** Opening ENTRIES PROVIDED block **

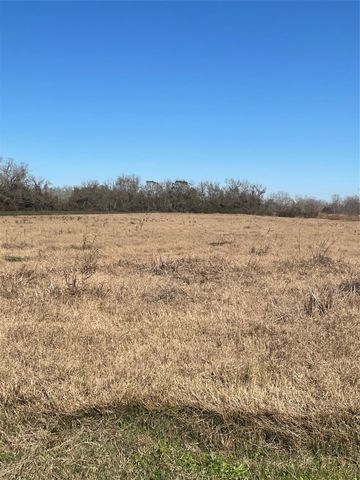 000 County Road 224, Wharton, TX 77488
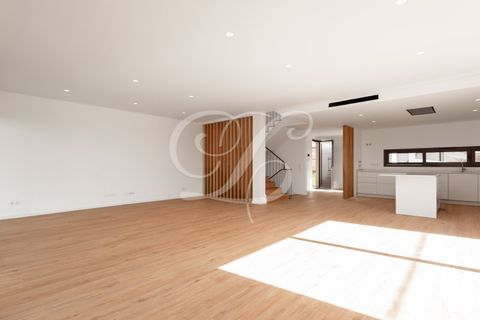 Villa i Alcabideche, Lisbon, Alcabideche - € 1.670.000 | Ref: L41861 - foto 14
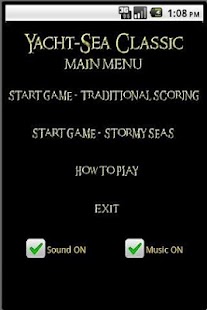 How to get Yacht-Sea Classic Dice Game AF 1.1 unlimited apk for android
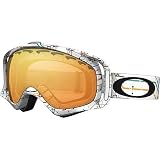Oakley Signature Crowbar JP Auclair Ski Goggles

** Closing ENTRIES PROVIDED block **
** Opening ENTRIES PROVIDED block **

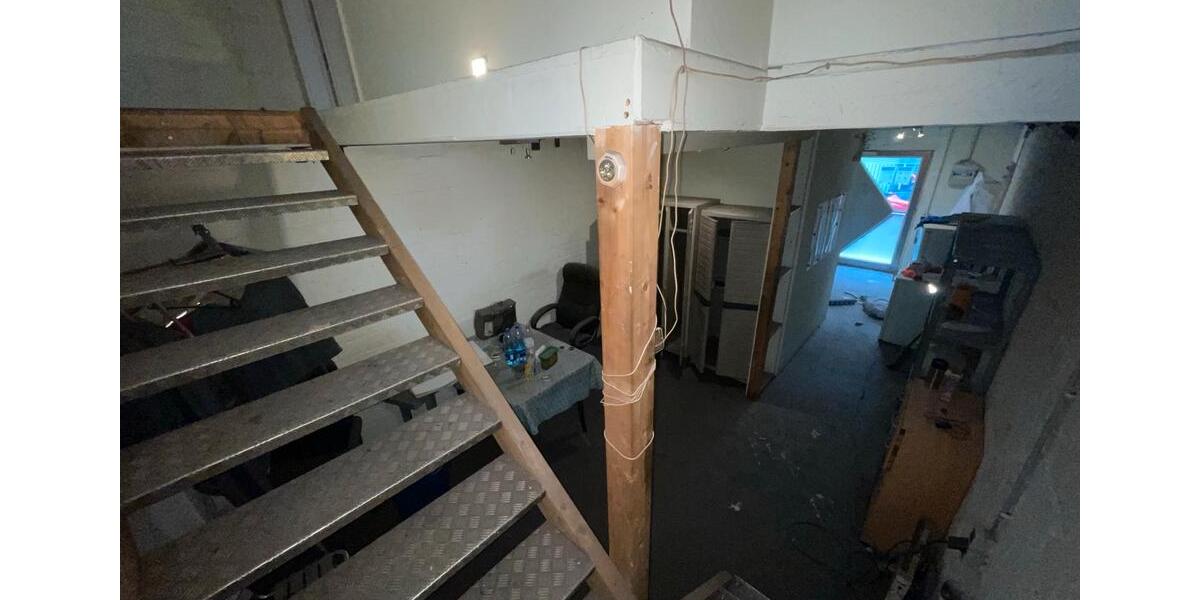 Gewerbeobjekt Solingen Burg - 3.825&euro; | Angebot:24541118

** Closing ENTRIES PROVIDED block **
** Opening ENTRIES PROVIDED block **

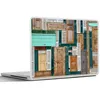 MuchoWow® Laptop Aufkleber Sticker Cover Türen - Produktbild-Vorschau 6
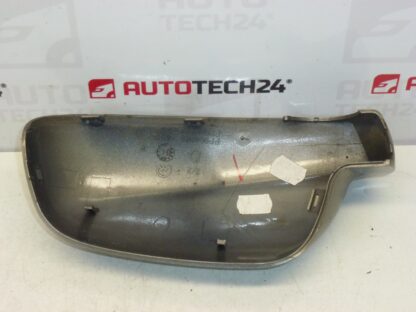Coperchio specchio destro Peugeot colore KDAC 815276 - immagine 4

** Closing ENTRIES PROVIDED block **

▶ [EXERCISE PROMPT]: Pictures aside, print exactly the lines above starting with the one containing "000 County Road 224, Wharton, TX 77488" and going on through the one containing "Oakley Signature Crowbar".

▶ [ANSWER TO THIS PROBLEM]:
 000 County Road 224, Wharton, TX 77488
 Villa i Alcabideche, Lisbon, Alcabideche - € 1.670.000 | Ref: L41861 - foto 14
 How to get Yacht-Sea Classic Dice Game AF 1.1 unlimited apk for android
Oakley Signature Crowbar JP Auclair Ski Goggles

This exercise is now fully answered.